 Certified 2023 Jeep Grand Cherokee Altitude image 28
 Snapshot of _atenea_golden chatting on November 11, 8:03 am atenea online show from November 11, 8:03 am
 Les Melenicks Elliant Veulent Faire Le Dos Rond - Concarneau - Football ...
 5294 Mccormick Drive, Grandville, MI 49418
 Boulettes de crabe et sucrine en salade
■ ■ ■ ■ ■ ■ ■
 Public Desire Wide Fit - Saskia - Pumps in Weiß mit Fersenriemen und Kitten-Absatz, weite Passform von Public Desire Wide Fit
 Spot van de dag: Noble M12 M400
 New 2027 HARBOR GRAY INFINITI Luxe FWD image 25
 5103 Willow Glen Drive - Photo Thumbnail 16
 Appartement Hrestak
■ ■ ■ ■ ■ ■ ■
■ Task instructions ■
Your task is to restate, word for word, only those lines above that fall between the line holding "Certified 2023 Jeep" and the line holding "Les Melenicks Elliant", inclusive.

■ Your response ■
 Certified 2023 Jeep Grand Cherokee Altitude image 28
 Snapshot of _atenea_golden chatting on November 11, 8:03 am atenea online show from November 11, 8:03 am
 Les Melenicks Elliant Veulent Faire Le Dos Rond - Concarneau - Football ...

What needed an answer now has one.